Depuis, la pédagogue s’attelle à promouvoir au quotidien la culture francophone auprès de ses élèves : «C’est important de faire ressortir leur acadianité, et plus largement leur francophonie, pour qu’ils ne se perdent pas dans la culture anglophone et soient fiers de leurs origines».
La Canado-Marocaine assure qu’elle n’a jamais eu de difficultés à s’intégrer. «Dans les petites communautés comme celles de l’île-du-Prince-Édouard, on connaît vite du monde, on sympathise facilement, on n’est pas un immigrant parmi d’autres, perdu dans l’anonymat d’une grande ville», salue-t-elle.
Vivre pleinement en français
Ce que Fatima-Zahra apprécie par-dessus tout, ce sont ces journées où elle a la chance de vivre pleinement en français, que ce soit au travail ou dans sa vie personnelle. «Si on veut des services, on peut les trouver, on doit parfois insister, les temps d’attente sont plus lents, mais il ne faut pas lâcher l’affaire», souligne-t-elle.
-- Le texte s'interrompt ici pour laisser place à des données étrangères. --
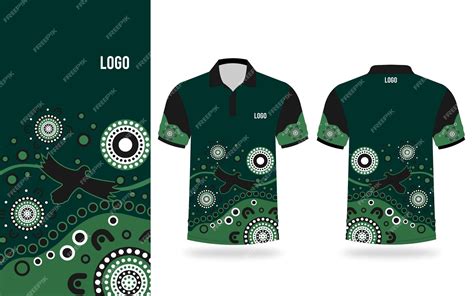 Premium Vector | Graphic polo tshirt trendy design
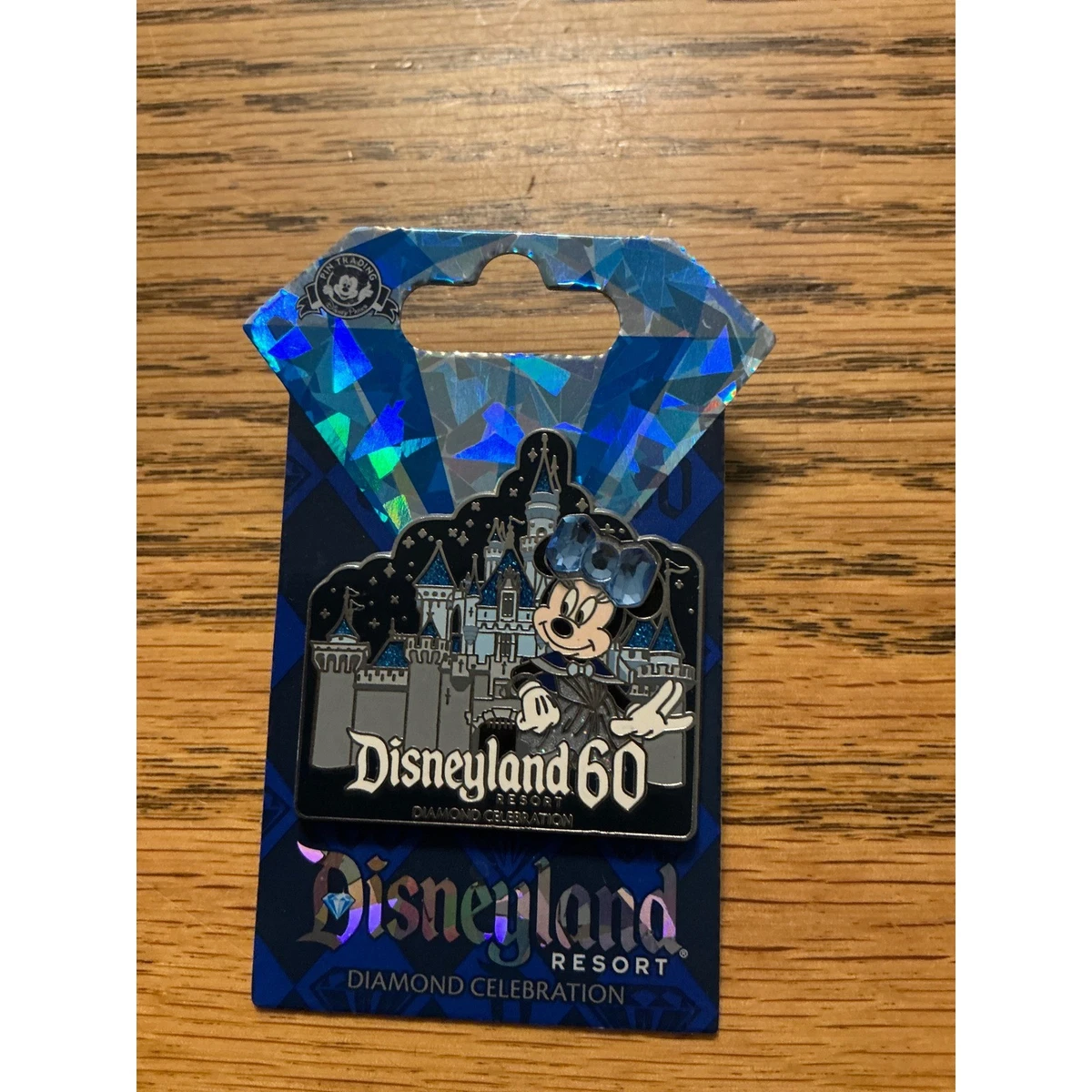 【限定】60th Disneyland Celebration Disneyland 60th Anniversary Pin for sale | eBay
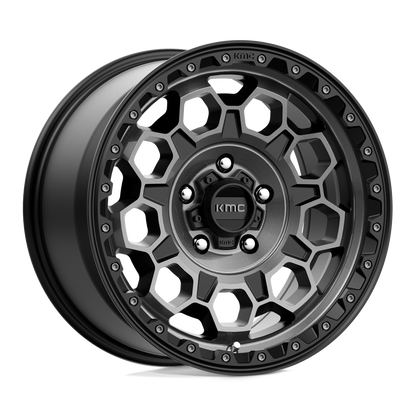 KM545 17X9 5X5.0 S-BLK GTCC 18MM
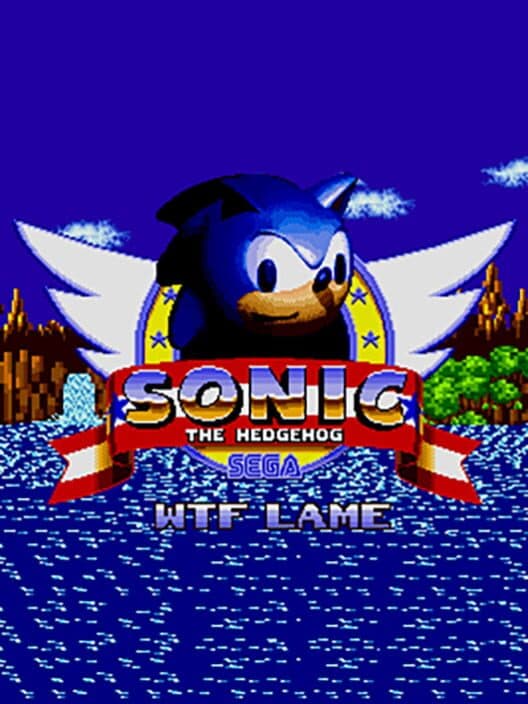 Обложка Sonic 1: WTF Lame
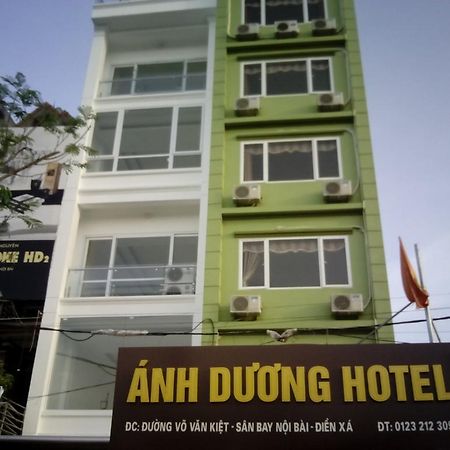 Anh Duong Hotel Thach Loi Exteriör bild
Profondément attachée à l’île, la jeune femme n’a pas pour autant oublié son Maroc natal. Les odeurs, les bruits, la douce musique de son pays d’origine lui manquent. L’hiver, elle se languit parfois d’un thé à la menthe, siroté au coin d’une terrasse à regarder le temps s’égrener. «C’est une autre partie de moi, j’ai besoin d’y retourner au moins une fois par an pour me ressourcer, et surtout, voir ma famille, mon père de 87 ans», témoigne-t-elle.
Partagée entre le Canada et le Maroc, Fatima-Zahra ne sait pas encore où elle aimerait finir ses vieux jours : «Je me verrai bien passer le restant de ma vie à l’île, j’y suis très heureuse. Mon rêve c’est que certains membres de ma famille puissent me rejoindre.»